* _What to do_: Below is a listing. Quote from it, exactly, the lines from the one containing "Photo showing 10" down to the one containing "traditional-style home featuring", both ends included, and nothing else.

* _Exercise input_:
******
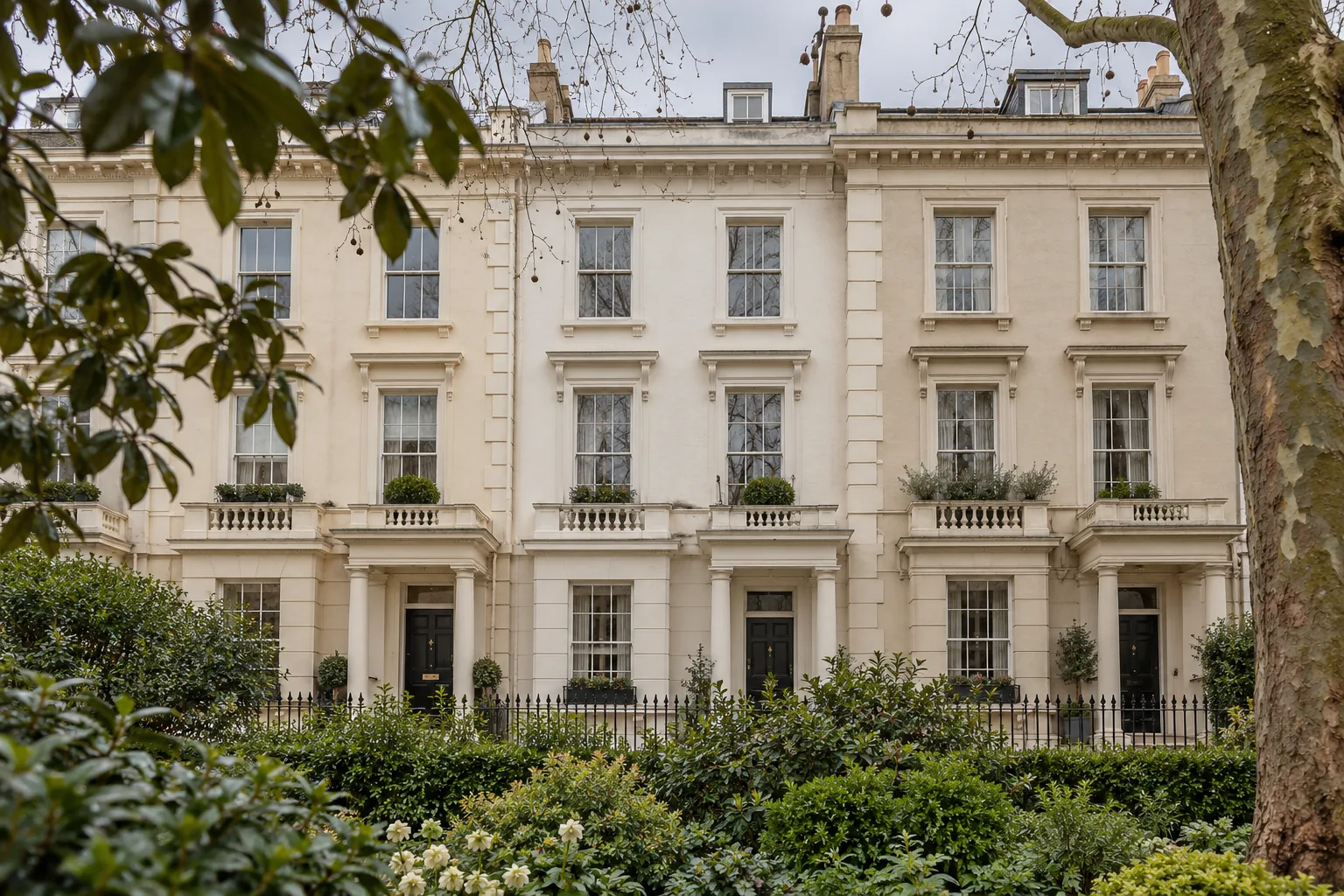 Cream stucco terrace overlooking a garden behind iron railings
******
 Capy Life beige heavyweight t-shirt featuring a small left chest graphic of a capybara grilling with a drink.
******
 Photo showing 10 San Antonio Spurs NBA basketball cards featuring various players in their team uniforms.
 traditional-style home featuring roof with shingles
******
* _Task output_:
 Photo showing 10 San Antonio Spurs NBA basketball cards featuring various players in their team uniforms.
 traditional-style home featuring roof with shingles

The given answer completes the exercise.